◆ WHAT YOU HAVE TO DO
Restate word for word the entries below, starting with the line with "Summer Straw Tote" and continuing through the line with "Vintage Jantzen Sweater". Include both of those lines and no others.

┌─ DATA IN THIS EXERCISE

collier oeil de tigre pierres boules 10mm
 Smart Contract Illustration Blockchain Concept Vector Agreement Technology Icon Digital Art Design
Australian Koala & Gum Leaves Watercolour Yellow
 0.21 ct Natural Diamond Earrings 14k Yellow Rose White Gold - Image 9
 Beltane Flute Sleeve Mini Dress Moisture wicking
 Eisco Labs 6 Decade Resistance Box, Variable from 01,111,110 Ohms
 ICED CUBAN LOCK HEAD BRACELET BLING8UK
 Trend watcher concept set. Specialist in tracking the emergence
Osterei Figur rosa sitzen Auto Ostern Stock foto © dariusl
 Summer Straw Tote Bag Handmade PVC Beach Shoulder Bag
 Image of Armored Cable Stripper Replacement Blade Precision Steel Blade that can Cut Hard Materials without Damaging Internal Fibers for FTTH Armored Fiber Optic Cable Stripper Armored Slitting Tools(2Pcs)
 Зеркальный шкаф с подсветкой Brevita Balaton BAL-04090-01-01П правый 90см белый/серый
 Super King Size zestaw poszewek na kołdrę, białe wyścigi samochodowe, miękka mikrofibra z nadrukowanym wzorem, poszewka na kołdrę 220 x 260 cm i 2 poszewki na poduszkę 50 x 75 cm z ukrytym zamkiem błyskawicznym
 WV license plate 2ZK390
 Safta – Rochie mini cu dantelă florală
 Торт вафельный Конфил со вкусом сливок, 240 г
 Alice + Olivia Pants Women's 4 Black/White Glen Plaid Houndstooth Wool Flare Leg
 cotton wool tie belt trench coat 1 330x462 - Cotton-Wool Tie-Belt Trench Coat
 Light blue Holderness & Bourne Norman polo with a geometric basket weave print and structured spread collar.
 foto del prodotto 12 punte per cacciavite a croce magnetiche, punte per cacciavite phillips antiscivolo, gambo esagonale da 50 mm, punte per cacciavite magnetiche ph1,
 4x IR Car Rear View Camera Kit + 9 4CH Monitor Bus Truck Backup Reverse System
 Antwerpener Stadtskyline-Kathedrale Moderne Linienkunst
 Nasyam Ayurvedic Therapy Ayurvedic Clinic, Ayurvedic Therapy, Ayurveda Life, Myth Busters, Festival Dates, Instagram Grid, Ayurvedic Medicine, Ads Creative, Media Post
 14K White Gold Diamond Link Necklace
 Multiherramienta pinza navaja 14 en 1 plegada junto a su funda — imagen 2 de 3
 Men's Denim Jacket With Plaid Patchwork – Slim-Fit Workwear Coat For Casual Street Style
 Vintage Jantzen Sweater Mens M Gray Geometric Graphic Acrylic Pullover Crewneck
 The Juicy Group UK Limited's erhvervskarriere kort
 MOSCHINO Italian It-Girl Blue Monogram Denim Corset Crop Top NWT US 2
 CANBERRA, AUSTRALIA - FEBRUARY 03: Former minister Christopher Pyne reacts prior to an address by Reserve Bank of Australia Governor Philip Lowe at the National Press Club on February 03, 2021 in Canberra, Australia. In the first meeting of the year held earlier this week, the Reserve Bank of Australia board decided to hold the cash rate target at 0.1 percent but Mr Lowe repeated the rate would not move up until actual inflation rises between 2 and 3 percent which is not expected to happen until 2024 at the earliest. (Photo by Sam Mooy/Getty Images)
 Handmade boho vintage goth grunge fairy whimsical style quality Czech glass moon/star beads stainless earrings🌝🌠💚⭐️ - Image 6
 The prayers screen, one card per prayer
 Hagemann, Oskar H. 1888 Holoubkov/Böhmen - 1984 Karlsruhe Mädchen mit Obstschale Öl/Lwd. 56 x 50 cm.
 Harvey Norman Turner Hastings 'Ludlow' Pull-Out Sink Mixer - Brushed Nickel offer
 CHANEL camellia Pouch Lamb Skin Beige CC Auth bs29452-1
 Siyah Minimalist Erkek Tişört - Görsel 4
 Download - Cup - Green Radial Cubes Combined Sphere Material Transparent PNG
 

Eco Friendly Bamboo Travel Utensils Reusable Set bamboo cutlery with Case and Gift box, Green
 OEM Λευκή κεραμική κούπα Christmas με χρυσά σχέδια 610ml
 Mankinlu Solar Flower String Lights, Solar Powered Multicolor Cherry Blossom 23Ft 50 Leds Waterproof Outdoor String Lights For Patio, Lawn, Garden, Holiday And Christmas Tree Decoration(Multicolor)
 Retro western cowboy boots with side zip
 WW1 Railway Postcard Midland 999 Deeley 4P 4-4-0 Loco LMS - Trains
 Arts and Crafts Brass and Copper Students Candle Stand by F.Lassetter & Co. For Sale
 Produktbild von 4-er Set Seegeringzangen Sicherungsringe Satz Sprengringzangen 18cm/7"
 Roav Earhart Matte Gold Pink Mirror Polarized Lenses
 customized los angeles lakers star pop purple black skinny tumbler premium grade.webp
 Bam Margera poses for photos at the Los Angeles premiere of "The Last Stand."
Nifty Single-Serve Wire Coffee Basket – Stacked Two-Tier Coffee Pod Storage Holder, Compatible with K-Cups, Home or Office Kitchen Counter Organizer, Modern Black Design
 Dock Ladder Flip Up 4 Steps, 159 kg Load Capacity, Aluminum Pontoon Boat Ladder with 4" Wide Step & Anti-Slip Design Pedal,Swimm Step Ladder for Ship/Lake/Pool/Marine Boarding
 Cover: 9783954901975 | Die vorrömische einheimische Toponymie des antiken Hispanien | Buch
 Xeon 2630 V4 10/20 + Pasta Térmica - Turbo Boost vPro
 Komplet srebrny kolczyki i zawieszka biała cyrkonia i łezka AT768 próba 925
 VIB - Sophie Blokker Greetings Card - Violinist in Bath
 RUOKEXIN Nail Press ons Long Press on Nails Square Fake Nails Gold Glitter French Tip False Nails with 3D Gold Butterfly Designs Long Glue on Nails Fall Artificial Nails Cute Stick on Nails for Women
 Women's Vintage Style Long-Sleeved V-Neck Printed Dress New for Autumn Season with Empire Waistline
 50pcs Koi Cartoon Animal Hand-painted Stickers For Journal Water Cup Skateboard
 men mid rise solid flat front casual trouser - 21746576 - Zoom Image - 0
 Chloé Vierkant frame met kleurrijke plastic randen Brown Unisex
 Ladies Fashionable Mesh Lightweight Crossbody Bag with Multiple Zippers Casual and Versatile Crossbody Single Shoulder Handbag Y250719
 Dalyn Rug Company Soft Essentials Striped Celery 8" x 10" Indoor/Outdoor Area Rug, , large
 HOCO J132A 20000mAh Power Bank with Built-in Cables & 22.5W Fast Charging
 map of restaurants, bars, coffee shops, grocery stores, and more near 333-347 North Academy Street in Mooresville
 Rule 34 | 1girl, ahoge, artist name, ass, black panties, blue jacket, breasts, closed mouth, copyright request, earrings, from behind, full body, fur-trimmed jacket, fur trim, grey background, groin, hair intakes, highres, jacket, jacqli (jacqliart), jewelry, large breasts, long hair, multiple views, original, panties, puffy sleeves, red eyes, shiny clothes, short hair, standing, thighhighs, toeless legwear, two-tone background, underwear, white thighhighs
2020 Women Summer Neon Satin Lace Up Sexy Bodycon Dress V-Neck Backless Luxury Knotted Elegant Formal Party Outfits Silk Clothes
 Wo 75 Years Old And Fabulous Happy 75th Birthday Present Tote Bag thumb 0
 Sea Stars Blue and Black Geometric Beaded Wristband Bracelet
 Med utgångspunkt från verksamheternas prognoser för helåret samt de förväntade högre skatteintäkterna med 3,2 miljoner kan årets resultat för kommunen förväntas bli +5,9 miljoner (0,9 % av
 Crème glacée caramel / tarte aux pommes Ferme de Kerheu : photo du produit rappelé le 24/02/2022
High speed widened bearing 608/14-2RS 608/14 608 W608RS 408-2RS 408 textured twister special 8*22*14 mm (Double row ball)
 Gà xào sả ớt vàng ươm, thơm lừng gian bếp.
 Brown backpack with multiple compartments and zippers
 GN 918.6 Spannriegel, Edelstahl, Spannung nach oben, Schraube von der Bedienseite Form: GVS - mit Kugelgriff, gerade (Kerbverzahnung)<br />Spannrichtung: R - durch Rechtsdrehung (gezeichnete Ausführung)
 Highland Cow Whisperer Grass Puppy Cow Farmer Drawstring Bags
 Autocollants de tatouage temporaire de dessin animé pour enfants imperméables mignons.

└─

◆ SOLUTION FOR THIS TASK
 Summer Straw Tote Bag Handmade PVC Beach Shoulder Bag
 Image of Armored Cable Stripper Replacement Blade Precision Steel Blade that can Cut Hard Materials without Damaging Internal Fibers for FTTH Armored Fiber Optic Cable Stripper Armored Slitting Tools(2Pcs)
 Зеркальный шкаф с подсветкой Brevita Balaton BAL-04090-01-01П правый 90см белый/серый
 Super King Size zestaw poszewek na kołdrę, białe wyścigi samochodowe, miękka mikrofibra z nadrukowanym wzorem, poszewka na kołdrę 220 x 260 cm i 2 poszewki na poduszkę 50 x 75 cm z ukrytym zamkiem błyskawicznym
 WV license plate 2ZK390
 Safta – Rochie mini cu dantelă florală
 Торт вафельный Конфил со вкусом сливок, 240 г
 Alice + Olivia Pants Women's 4 Black/White Glen Plaid Houndstooth Wool Flare Leg
 cotton wool tie belt trench coat 1 330x462 - Cotton-Wool Tie-Belt Trench Coat
 Light blue Holderness & Bourne Norman polo with a geometric basket weave print and structured spread collar.
 foto del prodotto 12 punte per cacciavite a croce magnetiche, punte per cacciavite phillips antiscivolo, gambo esagonale da 50 mm, punte per cacciavite magnetiche ph1,
 4x IR Car Rear View Camera Kit + 9 4CH Monitor Bus Truck Backup Reverse System
 Antwerpener Stadtskyline-Kathedrale Moderne Linienkunst
 Nasyam Ayurvedic Therapy Ayurvedic Clinic, Ayurvedic Therapy, Ayurveda Life, Myth Busters, Festival Dates, Instagram Grid, Ayurvedic Medicine, Ads Creative, Media Post
 14K White Gold Diamond Link Necklace
 Multiherramienta pinza navaja 14 en 1 plegada junto a su funda — imagen 2 de 3
 Men's Denim Jacket With Plaid Patchwork – Slim-Fit Workwear Coat For Casual Street Style
 Vintage Jantzen Sweater Mens M Gray Geometric Graphic Acrylic Pullover Crewneck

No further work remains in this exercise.